Final nu sounds drop in SMG before fricatives and laterals. SMG students may find it simpler to learn this by thinking of addition of a nu before a stop or vowel.
Word-final -ν –n did a lot of work grammatically in Ancient Greek, serving as the marker for accusative singular in nouns whose stems ended in a vowel (e.g. λόγον lógon ‘word’, καρδίαν kardían ‘heart’, πρόσωπον prósōpon ‘face’), and figuring in various verb endings, such as 1sg middle past -μην –mēn or 1pl active present/past -μεν -men, and noun endings, e.g. genitive plural -ων –ōn. Nonetheless, it was phonetically weakened by the Hellenistic period before the consonants φ θ χ μ ν λ ρ σ ζ (ph th kh m n l r s z(d)) beginning the immediately following word, and ultimately was lost altogether, being retained before vowels and before the consonants π τ κ β δ γ (p t k b d g) and ψ ξ (ps ks, which are thus essentially the same environment as π κ p k). For the developments before π τ κ β δ γ (p t k b d g) and ψ ξ (ps ks), see the page on “Voicing of voiceless stop after nasal”.
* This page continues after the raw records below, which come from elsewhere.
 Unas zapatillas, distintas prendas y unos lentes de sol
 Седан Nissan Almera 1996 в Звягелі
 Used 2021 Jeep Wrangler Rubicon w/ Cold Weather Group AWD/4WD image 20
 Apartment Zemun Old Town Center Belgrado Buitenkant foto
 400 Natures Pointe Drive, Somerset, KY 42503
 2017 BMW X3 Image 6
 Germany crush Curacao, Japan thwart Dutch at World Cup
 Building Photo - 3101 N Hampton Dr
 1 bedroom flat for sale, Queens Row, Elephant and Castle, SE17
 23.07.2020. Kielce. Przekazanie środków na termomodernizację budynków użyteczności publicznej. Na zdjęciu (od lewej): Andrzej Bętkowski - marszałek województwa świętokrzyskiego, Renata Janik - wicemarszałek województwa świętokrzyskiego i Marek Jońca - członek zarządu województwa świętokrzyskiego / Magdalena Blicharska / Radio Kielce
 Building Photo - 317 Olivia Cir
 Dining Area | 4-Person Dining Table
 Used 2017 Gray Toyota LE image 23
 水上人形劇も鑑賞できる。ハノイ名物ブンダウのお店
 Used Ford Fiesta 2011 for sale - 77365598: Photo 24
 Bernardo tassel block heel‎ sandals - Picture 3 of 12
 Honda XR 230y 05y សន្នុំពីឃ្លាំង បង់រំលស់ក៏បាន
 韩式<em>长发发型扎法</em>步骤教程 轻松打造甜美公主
The genitive plural in Standard Modern Greek (to the extent that it occurs at all — there are nouns that lack this form altogether, e.g. diminutives in -ακι –aki) has a final -ν –n, which is, however, not a direct retention from Ancient Greek but most likely represents a reintroduction of the earlier ending from the learnèd language, katharevousa; there are regional dialects with simply the expected -ω –o in the genitive plural (e.g. τω λόγω to loγo vs. Standard τω λόγων to loγon ‘of the words’).
Thus, final -ν -n is retained in definite article before stops and vowels
This combination was already affecting pronunciation in Ancient Greek, for there are inscriptions showing -μ –m for -ν –n before, e.g., π- p-, thus τομ πατἐρα tom patéra for τον πατέρα ton patéra.